Though Grace Marks is the novel’s protagonist, Alias Grace also concerns itself with the life and experiences of Dr. Simon Jordan, an American doctor with an interest in cerebral diseases and nervous afflictions. Though trained as a medical doctor, Dr. Jordan turned to research on mental illness due to his fascination with the mysteries of the human mind. He has traveled widely to study so-called “lunatics” and “hysterics,” and he hopes to establish his own asylum, where he can develop and test his psychological theories. Dr. Jordan considers himself a scientist. As such, he seeks rational explanations for phenomena that many people in his time still explain in terms of religion and occult superstition. He believes that with enough information, the emerging field of psychology will be able to understand how the human mind works and find the means to cure a range of mental afflictions.
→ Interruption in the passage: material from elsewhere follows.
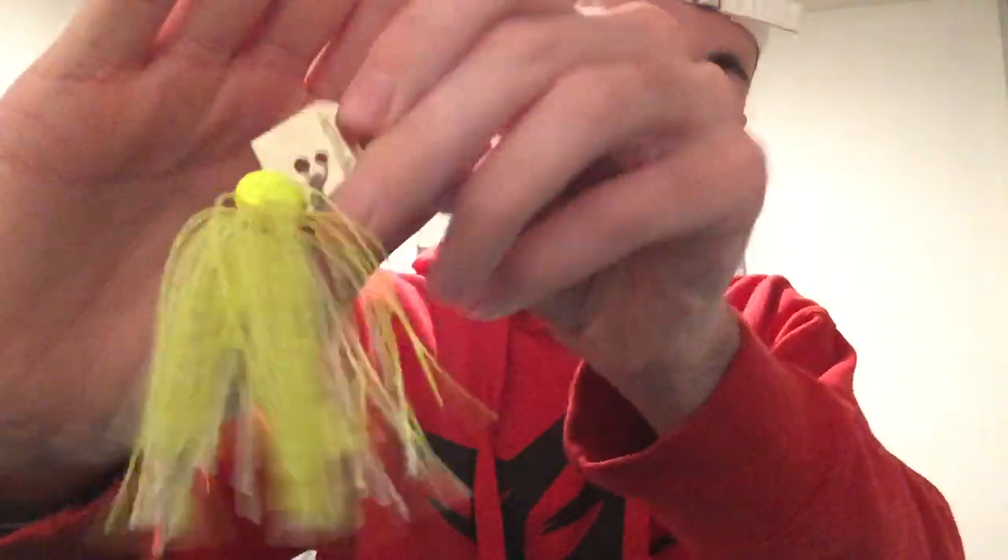What you're gonna need is your chatterbait, and I'm actually gonna show you which trailers I use on it. This is a Z-man chatterbait — just look at this thing, it's confusing, especially when you're new.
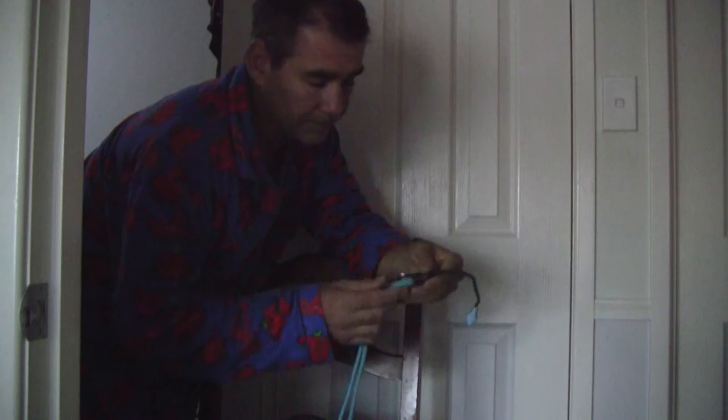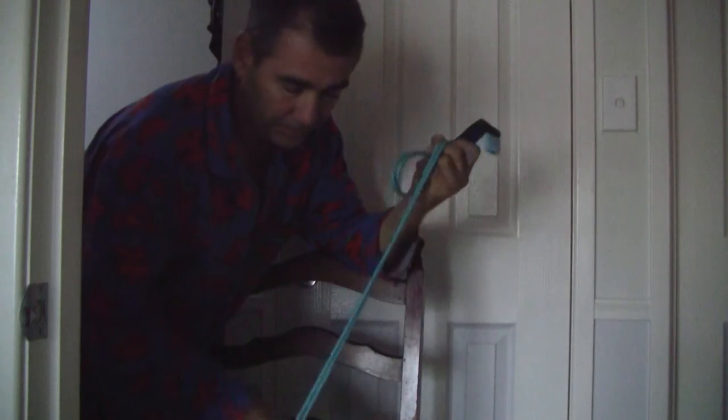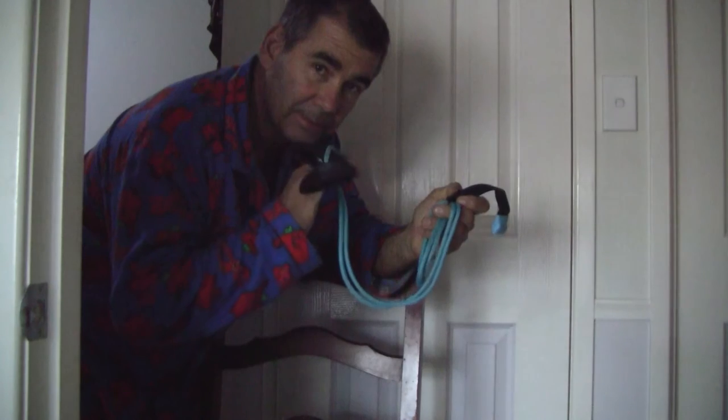It's six weeks today since I had my surgery on my shoulder — a rotator cuff tear, with a couple of screws put in. It's been a bit of a battle, but with the help of this gadget here, this pulley and two ropes, is the secret to my success.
Dr. Jordan has committed so fully to his research that he struggles with the idea of starting a family. Despite his mother’s encouragement for him to find a suitable woman, Dr. Jordan pushes on with his work.

Dr. Jordan’s work with Grace places pressure on his commitment to scientific objectivity, and, over the course of the novel, his own mind begins to break down. When he first meets Grace, she appears as mad to him as the lunatics he’d seen in a French asylum, but he realizes his mistake when she steps into the light and he sees instead a poised and put-together woman. Though he reminds himself to stay objective, again and again he fails to uphold this standard. For instance, he distrusts the method of hypnotism that Dr. DuPont practices, but when it comes time for DuPont to hypnotize Grace, Dr. Jordan can barely contain his excitement. Along with his failure to remain objective in his work with Grace, Dr. Jordan finds himself overcome by increasingly violent sexual fantasies about many of the women in his life, Grace included. As he succumbs to these fantasies and embarks on a tortured affair with his landlady, Dr. Jordan strays further from his objectives. With his own mental faculties dismantled, Dr. Jordan proves unable to cure Grace or further his own understanding of the mind.